I was born a Smoggie, one of that unique race of people emanating from Middlesbrough in the North East of England where the local dialect is a combination of Yorkshire, Viking and bronchial problems brought on by exposure to excessive industrial pollution. Until I was nine years old I spoke with an accent similar to that of comedian, Bob Mortimer and a dirty work shirt was a derty werk shert, though if it was very derty it would be described as acky. But, despite the beautiful psychedelic sunsets and unlimited free supplies of nitrogen oxide laid on by the nearby steelworks and petrochemical plant, my parents decided that we should leave the area and my native tongue virtually disappeared.

The intermediate stage of my childhood took place along the theme of sectarian violence.
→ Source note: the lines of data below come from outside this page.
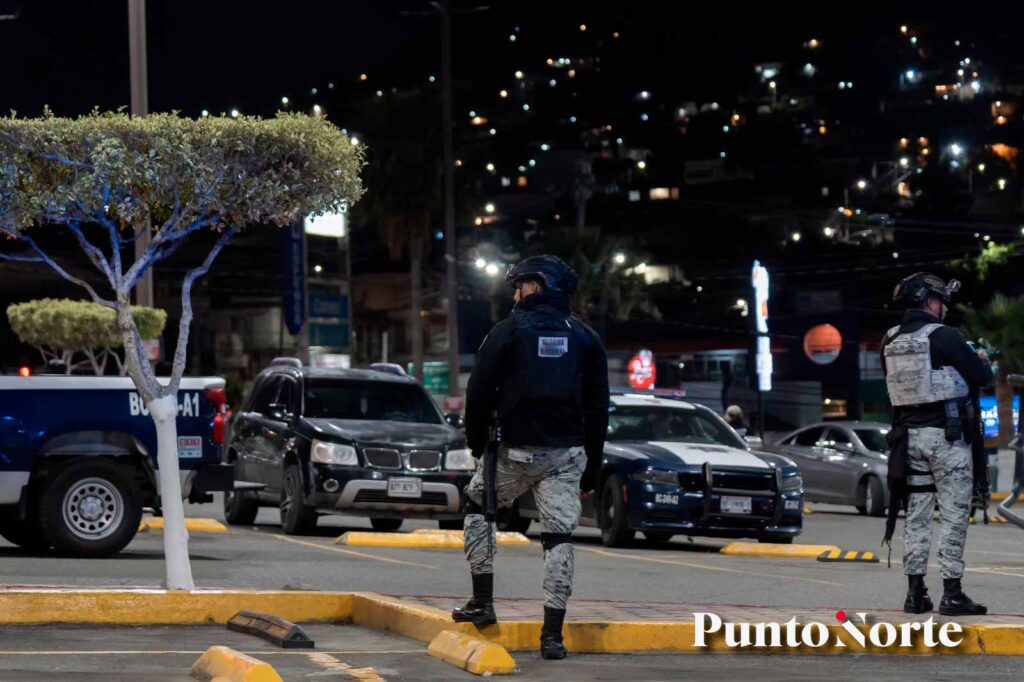 Tráfico en Tiempo Real: Cómo Llegar a Terrazas de San Bernardo, Tijuana 1 trafico en tiempo real como llegar a terrazas de san bernardo tijuana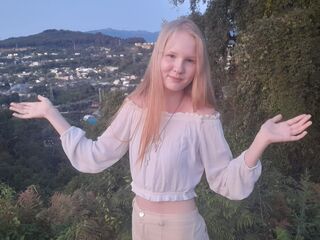 cam girl live webcam LiandraNelson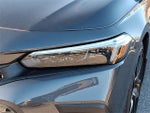 2022 Civic Thumbnail 9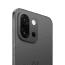 OnePlus 13s, 12GB/256GB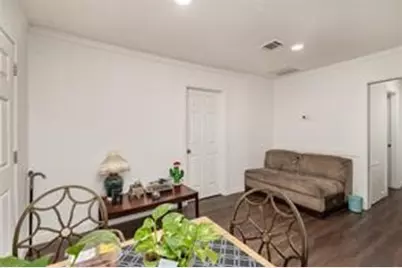 1713 Sycamore Street, Commerce, TX 75428 - Photo 7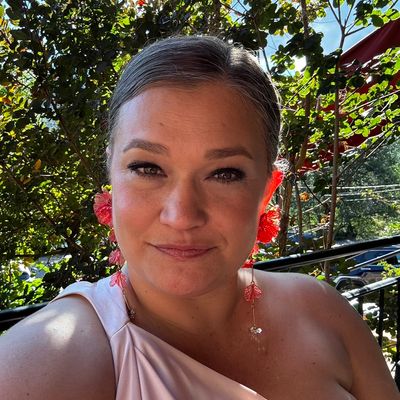Avatar for Flight of Fancy Catering & Provisions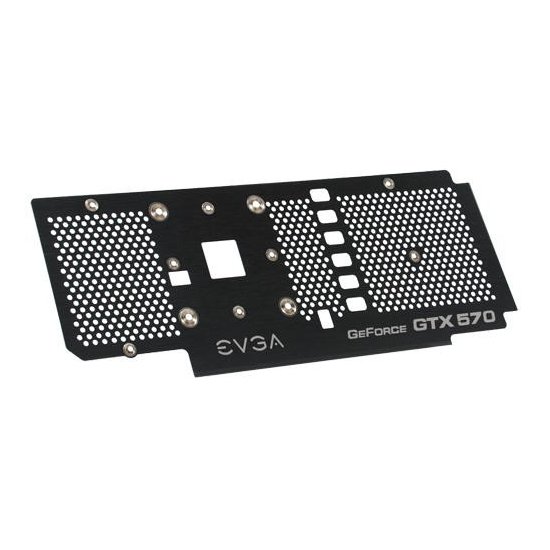 EVGA-Releases-Backplate-for-NVIDIA-s-GeForce-GTX-570-2.jpg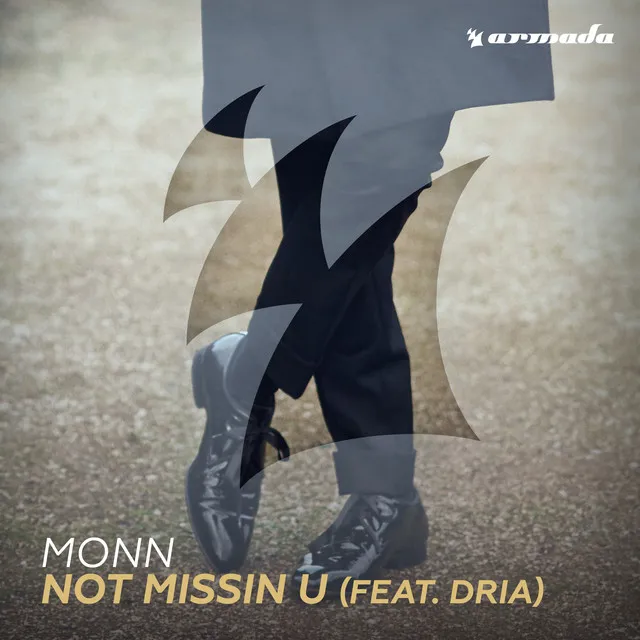 Not Missin U (feat. Dria) - Extended Mix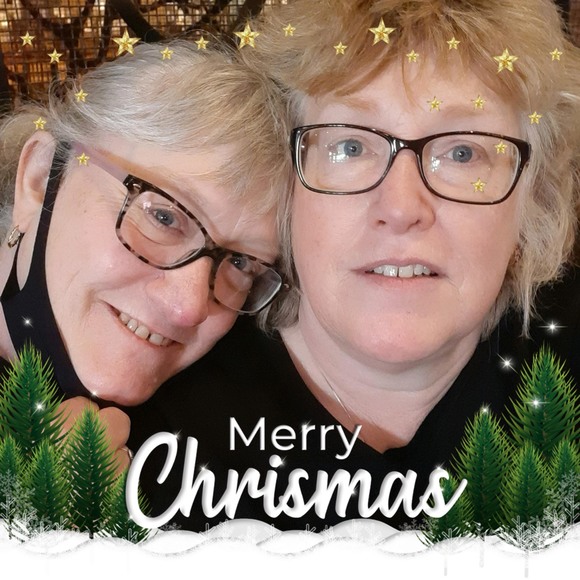 Profile Picture of Paula Sloboda (@nanapaula59) on Poshmark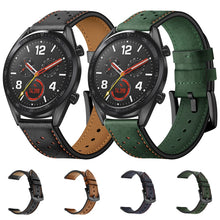 Load image into Gallery viewer, SYA00967401_B1.jpg@eb3421523d6370889f71d42dd59f9e36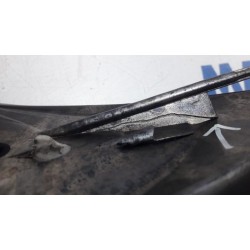 Peugeot - 206 - Feu arrière gauche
The North of Ireland in the late sixties and early seventies was a great place to live if your hobbies included spotting endless coils of barbed wire, threatening military vehicles and burnt-out buses. And then there were the petrol bombs. We only had the four-star stuff in those days. The kids of today are spoilt, in my opinion, with their unleaded high-performance high-octane cocktails of highly flammable liquids and their Nectar points, though the extinction of the glass milk bottle in recent years must be quite trying for them. You’d think that having one foot either side of the Peace Line our lives would have been extra safe, but the reality was the absolute opposite. My family, built around a nucleus of an Irish Catholic father and an English Protestant mother, was a cause of suspicion for everybody, including a small community of Hindus in Ballymena. Speaking with an accent from ‘the other side of the water’ did little to help. So in a relatively successful attempt at staying alive, I quickly learnt to talk like the Reverend Ian Paisley and continued to do so until I was twelve, at which point the parents’ nomadic habits kicked in again.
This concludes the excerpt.